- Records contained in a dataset
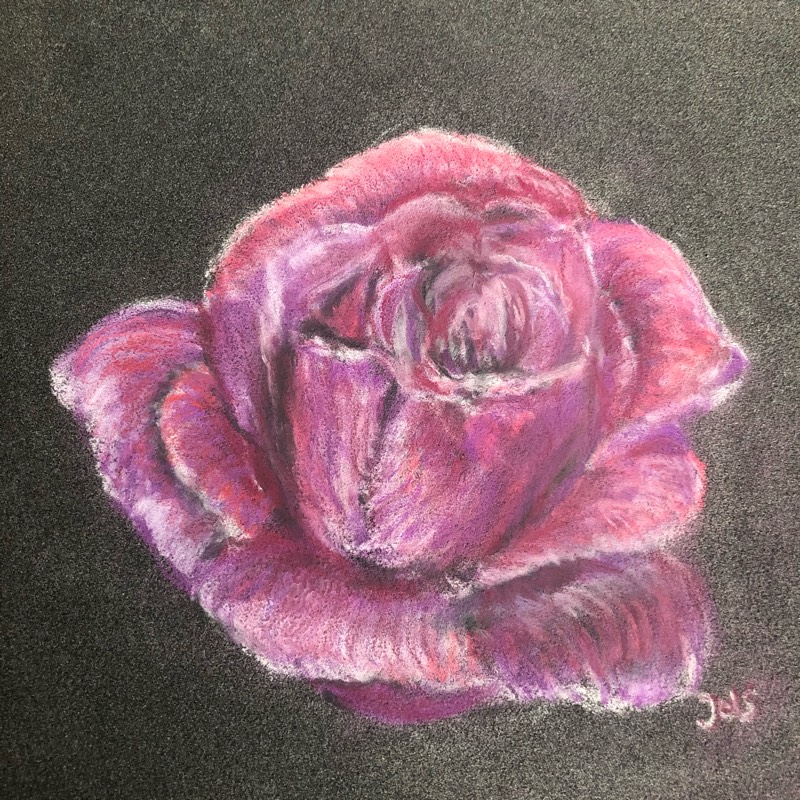 rose by nien (Soft pastel)
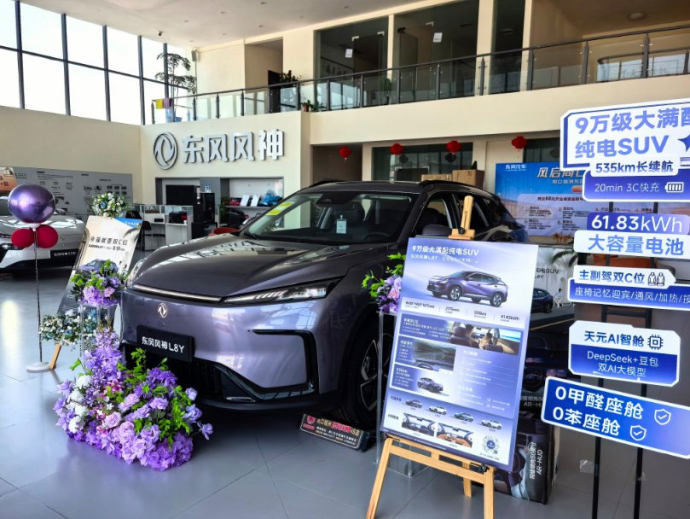 周口十一车展
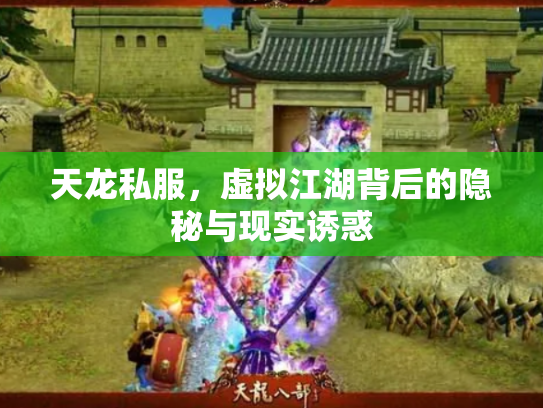 天龙私服，虚拟江湖背后的隐秘与现实诱惑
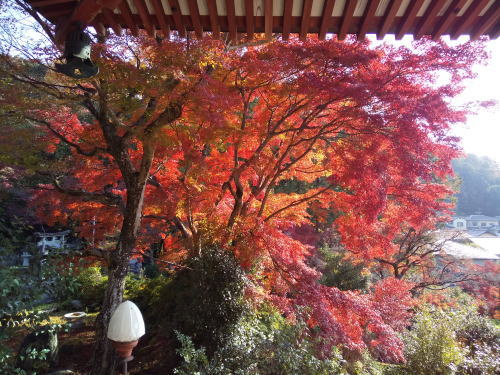三明院 紅葉 2025 / 京都観光旅行ガイド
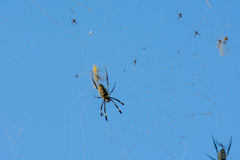 Trichonephila senegalensis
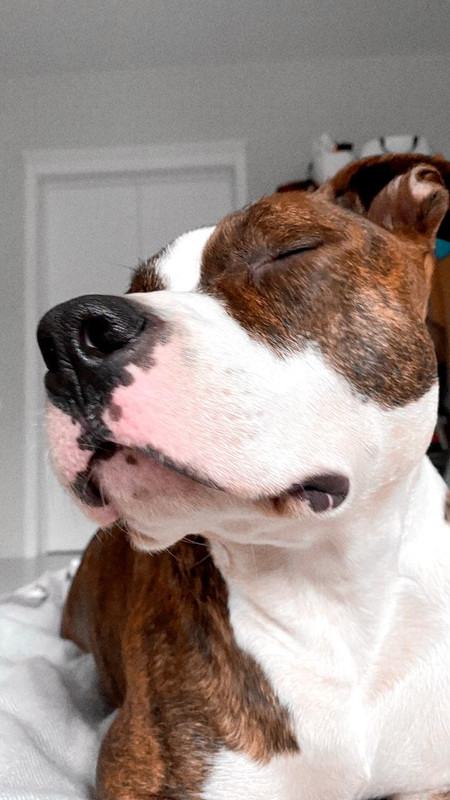 EEF3E744-88E7-4377-9541-BF59916FA533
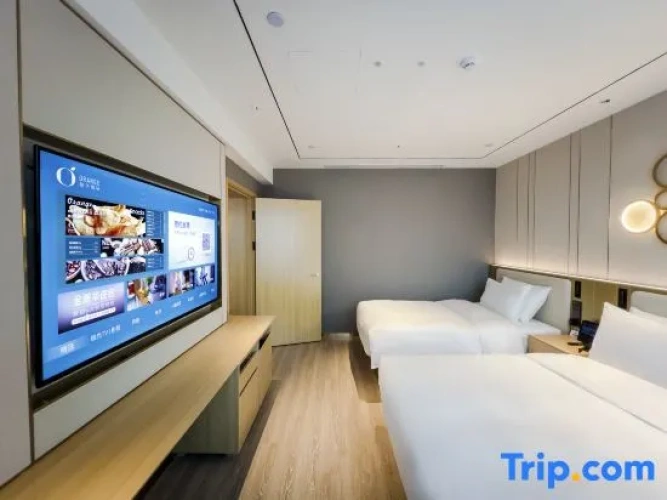 Twin Suite
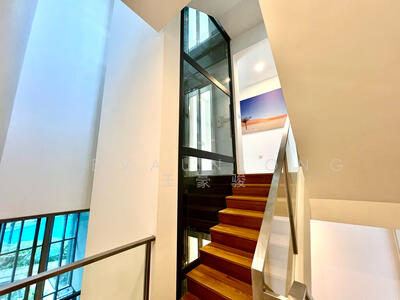 For Sale - SKIES MILTONIA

- About this task
Each record above should be repeated exactly, please, without pictures.

- Solved exercise
 rose by nien (Soft pastel)
 周口十一车展
 天龙私服，虚拟江湖背后的隐秘与现实诱惑
三明院 紅葉 2025 / 京都観光旅行ガイド
 Trichonephila senegalensis
 EEF3E744-88E7-4377-9541-BF59916FA533
 Twin Suite
 For Sale - SKIES MILTONIA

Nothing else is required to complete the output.